To cross the threshold at the entrance of a home, our bodies must occupy two locations simultaneously: the inside and the outside. Crater of a Home, Corner of a Mind took the two dimensional plane of a threshold and extruded it into three dimensions, pulling into its space the outside of the yard, the sun, and the stars, the inside of bedrooms, living rooms, and other inner spaces of the home, and the inside/outside of the structural architecture that divides space into this dichotomy. Our dreams, our bodies, nature, and geometry were mixed within that extruded threshold. Its dense space, like the center of a black hole, was and is timeless. The atmosphere was stale and lifeless but still occupied by a strange presence. I built the installation, but we were all interlopers within its space.

Following Brechtian logic, Crater of a Home, Corner of a Mind was not real but rather a poetic representation of lived experience. Exposed two-by-fours, visible screws and nails, dangling electric cords, patched walls, and, most obviously, the exposed beams and high ceilings of the building’s architecture made the artifice immediately visible. The viewer was not a passive spectator of artistic representation but rather an active participant in the phenomenology of the space. Being and world became intermixed: thoughts hung in the stagnating spaces between built walls, bodies left traces of selfhood in the astroturf, sand, and VHS tape. In a Heideggerian meditation on worldhood, the viewer could not be removed from the installation, and the installation could not be removed from the viewer.
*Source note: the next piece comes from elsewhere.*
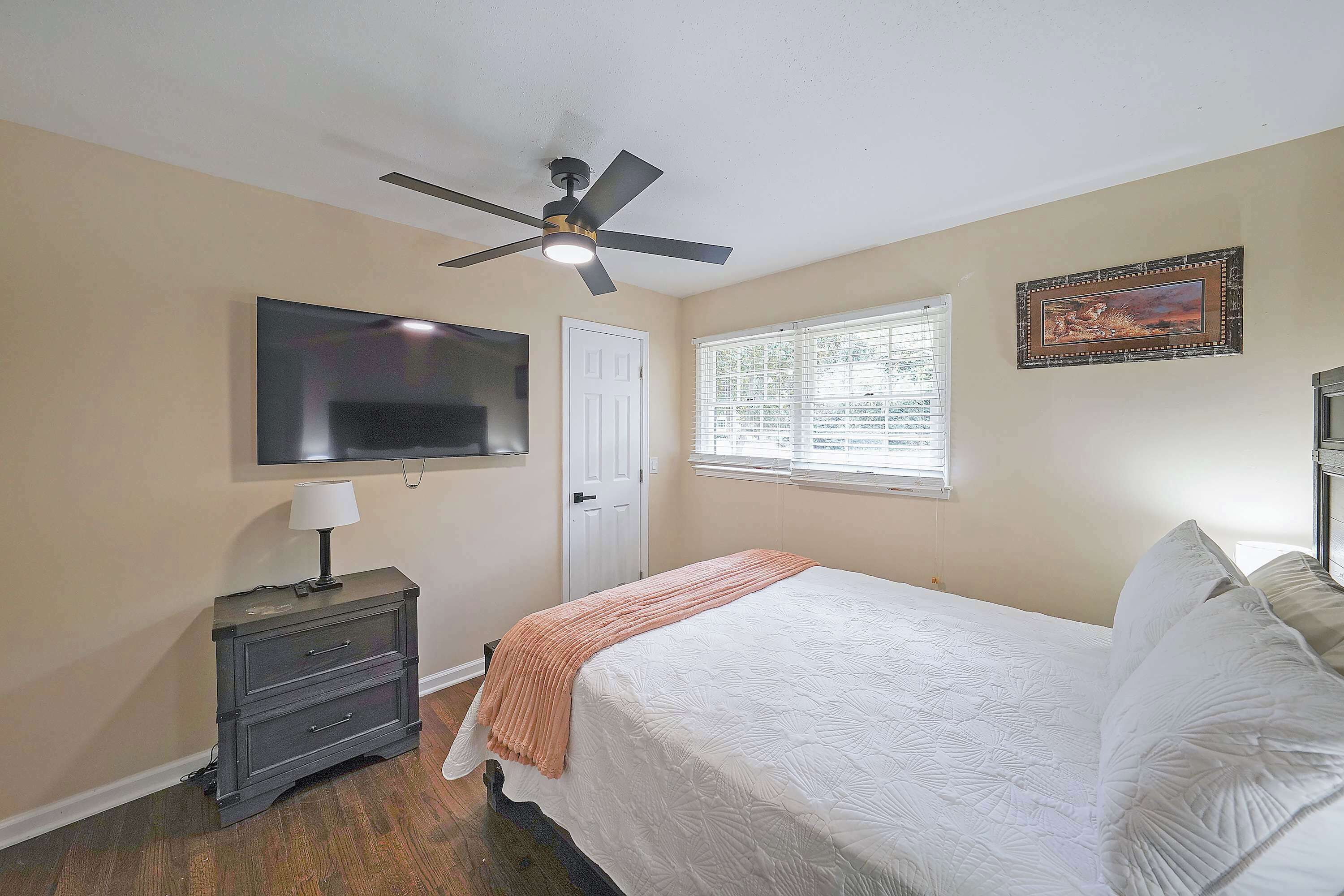 A bedroom with a bed, a nightstand, a TV, a ceiling fan, a window, and a door.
After sitting with this space for six months, I finally decided to dismantle it. I removed the readymade objects and lighting, stripped the ground of astroturf and fake wood flooring, bagged the VHS tape, ripped the sheetrock from their two-by-four studs, unscrewed the wall frames, shoveled out the sand, and painted over the remaining marks on my studio wall. Those pieces bearing the marks of Crater of a Home, Corner of a Mind would come together again two months later to form a new installation, cannibalized and regenerated… “From one world to the other, from one dwelling to the other, dreams come and go” (Bachelard, 63).


Works cited:
Bachelard, Gaston. The Poetics of Space. Trans. Maria Jolas. Boston: Beacon Press, 1994.